Having been told 87 times by the EU negotiator that the Chequers Brexit proposal was unacceptable, Theresa May went ahead and presented it to the European Council in Salzburg anyway. The council said non/nein/não/ne/όχι/не/uimh for a collective 88th time, the prime minister took umbrage and investors took flight.

Sterling has had worse days than Friday 21 September but, mercifully, not many more. The pound fell by an average of 1.3% against the other ten most actively-traded currencies, none of the losses amounting to less than 1%. Individual examples of the cost to sterling were two US cents, one and a third euro cents and more than two Canadian, Australian and NZ cents.

The prime minister did not help matters with a statement in which she berated the EU for its disrespect and appeared to suggest that what is acceptable to the British government is unacceptable to the EU and vice versa. Her commentary increased the possibility of a no-deal Brexit, the odds swinging from 4/1 earlier in the month to 5/4 at the weekend. It was not what investors had hoped or expected and they ran for cover.

Beyond the front page

The Salzburg fiasco was the biggest story at the end of last week but it was not the only one. Thursday's UK retail sales figures were actually rather good. Japanese inflation accelerated to 1.3%. OPEC rebuffed the US president's call for lower oil prices. And this morning the Sino/American trade war changed up a gear as the new round of tariffs kicked in.

Taken on average, the news served to decrease investors' appetite for risk.  For the first time in a fortnight the Japanese yen was the day's top performer on Friday, strengthening by 1.6% against the pound. Commodity-oriented currencies did not lose ground to sterling (nothing did!) but their gains were among the smallest.

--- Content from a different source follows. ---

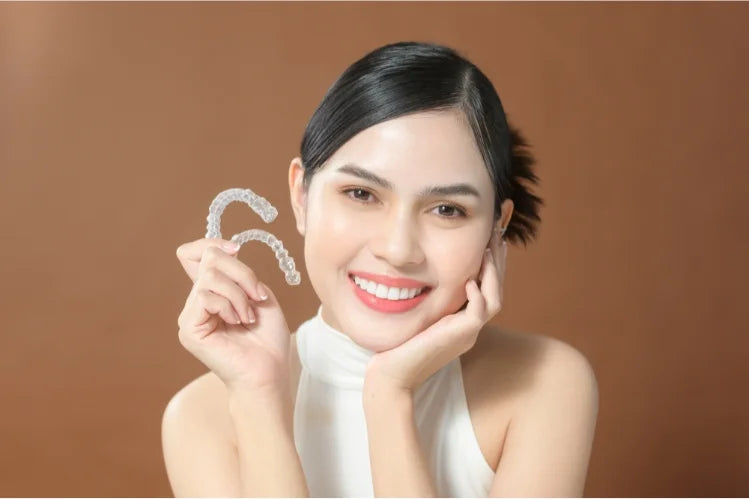 a beautiful woman with symmetrical features holding clear aligners 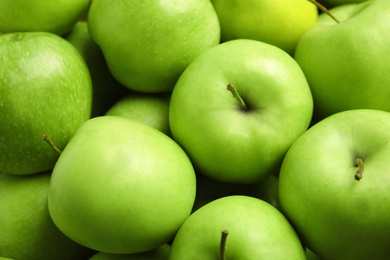 Photo of Fresh ripe green apples as background, closeup view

Norges Bank's decision on Thursday to increase its benchmark interest rate from 0.5% to 0.75% was negative for the krone. The move had been widely expected and the central bank's statement implied a long wait for the next upward move. The same day, the South African Reserve Bank kept its repo rate unchanged at 6.5%, eliciting minimal market reaction.

Wait and see

Holidays in China, South Africa, Japan and Australia will not appreciably diminish FX activity today. They do, however, symbolise what, according to the printed agenda at least, should be a quiet day. The only UK statistic is the CBI's Industrial Trends Survey of manufacturing orders.

Monday's other ecostats relate to German business confidence, Canadian wholesale sales and activity indices from the Chicago and Dallas Federal Reserve banks. The minutes of the Bank of Japan's policy meeting tonight will attract more interest than usual: they should shed some light on an unheralded slowdown in BoJ asset purchases last week.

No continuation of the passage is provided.